- **The problem**
Go through the data below and return each line where the string "from" occurs.

- **Dataset items**
+++++
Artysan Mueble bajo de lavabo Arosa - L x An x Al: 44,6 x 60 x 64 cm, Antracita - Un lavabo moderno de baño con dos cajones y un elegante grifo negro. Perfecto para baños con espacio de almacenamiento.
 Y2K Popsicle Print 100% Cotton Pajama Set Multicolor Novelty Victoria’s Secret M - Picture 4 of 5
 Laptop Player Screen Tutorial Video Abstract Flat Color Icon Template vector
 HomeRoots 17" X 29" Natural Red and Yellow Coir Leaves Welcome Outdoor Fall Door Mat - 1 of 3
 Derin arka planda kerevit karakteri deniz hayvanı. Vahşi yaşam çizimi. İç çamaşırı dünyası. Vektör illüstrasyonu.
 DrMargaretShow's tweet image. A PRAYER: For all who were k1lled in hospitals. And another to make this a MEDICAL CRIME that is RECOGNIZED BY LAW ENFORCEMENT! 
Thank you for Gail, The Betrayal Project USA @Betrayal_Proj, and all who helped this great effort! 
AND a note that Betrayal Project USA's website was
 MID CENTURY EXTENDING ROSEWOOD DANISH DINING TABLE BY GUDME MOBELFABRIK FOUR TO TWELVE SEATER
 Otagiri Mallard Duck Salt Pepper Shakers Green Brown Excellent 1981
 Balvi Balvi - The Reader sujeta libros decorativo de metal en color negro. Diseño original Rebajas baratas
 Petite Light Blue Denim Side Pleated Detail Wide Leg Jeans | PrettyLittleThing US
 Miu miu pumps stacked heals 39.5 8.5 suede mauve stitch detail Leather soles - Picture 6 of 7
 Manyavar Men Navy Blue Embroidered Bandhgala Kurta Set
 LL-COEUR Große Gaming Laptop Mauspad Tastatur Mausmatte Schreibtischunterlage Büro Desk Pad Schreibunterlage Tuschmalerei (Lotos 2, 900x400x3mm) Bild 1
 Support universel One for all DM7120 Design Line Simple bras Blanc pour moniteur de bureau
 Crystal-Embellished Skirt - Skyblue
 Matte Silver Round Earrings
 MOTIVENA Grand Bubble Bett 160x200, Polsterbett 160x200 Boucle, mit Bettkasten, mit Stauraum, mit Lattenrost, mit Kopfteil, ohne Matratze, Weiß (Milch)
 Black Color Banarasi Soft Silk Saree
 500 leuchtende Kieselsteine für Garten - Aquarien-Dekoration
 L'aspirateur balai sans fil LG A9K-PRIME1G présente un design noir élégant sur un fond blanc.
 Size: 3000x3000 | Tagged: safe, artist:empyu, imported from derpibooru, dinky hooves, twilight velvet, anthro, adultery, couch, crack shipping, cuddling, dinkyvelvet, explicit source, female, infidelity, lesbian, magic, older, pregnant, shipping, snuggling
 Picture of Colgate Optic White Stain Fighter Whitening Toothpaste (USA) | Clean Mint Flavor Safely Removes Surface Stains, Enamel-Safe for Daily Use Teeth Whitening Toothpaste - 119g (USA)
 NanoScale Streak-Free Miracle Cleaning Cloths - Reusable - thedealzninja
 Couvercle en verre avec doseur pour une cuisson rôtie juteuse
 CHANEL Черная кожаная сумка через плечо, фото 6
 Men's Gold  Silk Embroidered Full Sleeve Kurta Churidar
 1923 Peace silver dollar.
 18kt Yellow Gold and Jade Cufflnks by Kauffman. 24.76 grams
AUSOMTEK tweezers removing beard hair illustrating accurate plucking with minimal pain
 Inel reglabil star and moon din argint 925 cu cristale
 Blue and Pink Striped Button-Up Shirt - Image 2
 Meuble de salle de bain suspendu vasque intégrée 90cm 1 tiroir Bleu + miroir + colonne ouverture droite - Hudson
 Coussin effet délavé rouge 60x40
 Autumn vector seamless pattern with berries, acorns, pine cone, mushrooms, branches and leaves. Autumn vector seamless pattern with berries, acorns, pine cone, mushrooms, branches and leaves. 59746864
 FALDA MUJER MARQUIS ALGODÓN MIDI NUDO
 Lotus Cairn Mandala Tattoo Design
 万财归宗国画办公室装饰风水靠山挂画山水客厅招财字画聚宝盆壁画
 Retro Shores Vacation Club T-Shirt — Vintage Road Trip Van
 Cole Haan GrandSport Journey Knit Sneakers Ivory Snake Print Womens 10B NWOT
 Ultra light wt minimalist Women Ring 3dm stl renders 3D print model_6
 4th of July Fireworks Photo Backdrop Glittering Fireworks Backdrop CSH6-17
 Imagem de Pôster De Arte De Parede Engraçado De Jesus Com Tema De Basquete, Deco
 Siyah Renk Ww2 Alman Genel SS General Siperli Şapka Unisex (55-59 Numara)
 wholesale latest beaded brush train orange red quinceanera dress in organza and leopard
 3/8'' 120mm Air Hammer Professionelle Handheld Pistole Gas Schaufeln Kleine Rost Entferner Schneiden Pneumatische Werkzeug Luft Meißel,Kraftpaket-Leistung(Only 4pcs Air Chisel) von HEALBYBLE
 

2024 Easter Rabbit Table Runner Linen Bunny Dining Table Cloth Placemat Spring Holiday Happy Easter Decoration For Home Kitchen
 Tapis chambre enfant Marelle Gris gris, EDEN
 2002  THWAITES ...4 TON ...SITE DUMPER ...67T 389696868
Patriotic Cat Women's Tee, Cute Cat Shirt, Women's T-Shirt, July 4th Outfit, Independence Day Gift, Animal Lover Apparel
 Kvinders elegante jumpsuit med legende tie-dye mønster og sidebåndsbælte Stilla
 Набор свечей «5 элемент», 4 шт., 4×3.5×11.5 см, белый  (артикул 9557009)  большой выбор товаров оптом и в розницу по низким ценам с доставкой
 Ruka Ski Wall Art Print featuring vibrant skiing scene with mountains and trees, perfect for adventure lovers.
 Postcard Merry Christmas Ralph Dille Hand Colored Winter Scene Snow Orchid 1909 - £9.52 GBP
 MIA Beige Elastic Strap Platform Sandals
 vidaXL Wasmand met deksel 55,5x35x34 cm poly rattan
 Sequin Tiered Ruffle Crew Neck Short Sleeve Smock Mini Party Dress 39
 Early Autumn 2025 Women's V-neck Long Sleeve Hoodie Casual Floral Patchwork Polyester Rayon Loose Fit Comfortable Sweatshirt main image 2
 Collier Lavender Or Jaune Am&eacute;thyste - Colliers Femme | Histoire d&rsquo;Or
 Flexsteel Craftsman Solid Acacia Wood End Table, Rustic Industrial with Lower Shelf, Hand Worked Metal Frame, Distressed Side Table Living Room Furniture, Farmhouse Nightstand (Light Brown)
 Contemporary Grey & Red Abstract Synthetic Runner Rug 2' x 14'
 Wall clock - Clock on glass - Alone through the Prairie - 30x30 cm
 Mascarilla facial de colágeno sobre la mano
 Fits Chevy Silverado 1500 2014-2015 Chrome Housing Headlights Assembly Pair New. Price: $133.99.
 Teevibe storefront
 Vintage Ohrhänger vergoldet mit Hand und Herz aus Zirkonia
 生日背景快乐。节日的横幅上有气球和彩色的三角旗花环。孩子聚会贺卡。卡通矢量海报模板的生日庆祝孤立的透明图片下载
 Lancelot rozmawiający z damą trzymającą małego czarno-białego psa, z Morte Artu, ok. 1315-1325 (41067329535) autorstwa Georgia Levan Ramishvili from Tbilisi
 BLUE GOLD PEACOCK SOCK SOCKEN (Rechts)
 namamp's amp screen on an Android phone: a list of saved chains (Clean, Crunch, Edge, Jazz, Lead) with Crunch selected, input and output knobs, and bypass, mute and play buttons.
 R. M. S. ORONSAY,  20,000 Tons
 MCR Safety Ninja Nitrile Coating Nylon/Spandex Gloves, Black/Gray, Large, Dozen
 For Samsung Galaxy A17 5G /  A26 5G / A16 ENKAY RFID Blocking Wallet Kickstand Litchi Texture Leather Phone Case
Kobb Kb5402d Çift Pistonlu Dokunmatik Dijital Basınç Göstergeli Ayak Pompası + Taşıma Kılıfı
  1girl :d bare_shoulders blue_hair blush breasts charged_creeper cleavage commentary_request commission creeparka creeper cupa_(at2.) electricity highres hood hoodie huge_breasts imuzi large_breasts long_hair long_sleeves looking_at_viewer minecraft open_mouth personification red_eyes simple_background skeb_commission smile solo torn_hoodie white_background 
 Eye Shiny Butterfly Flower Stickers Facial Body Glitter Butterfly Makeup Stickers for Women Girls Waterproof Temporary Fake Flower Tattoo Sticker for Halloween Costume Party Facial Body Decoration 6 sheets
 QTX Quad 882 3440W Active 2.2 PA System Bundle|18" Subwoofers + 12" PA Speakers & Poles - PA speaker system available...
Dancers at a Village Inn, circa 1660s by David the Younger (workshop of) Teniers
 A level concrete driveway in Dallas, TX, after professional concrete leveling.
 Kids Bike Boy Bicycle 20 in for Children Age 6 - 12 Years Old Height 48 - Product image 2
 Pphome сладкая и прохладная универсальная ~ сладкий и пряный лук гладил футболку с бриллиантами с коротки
+++++
- **Answer to the problem**
 Size: 3000x3000 | Tagged: safe, artist:empyu, imported from derpibooru, dinky hooves, twilight velvet, anthro, adultery, couch, crack shipping, cuddling, dinkyvelvet, explicit source, female, infidelity, lesbian, magic, older, pregnant, shipping, snuggling
 Lancelot rozmawiający z damą trzymającą małego czarno-białego psa, z Morte Artu, ok. 1315-1325 (41067329535) autorstwa Georgia Levan Ramishvili from Tbilisi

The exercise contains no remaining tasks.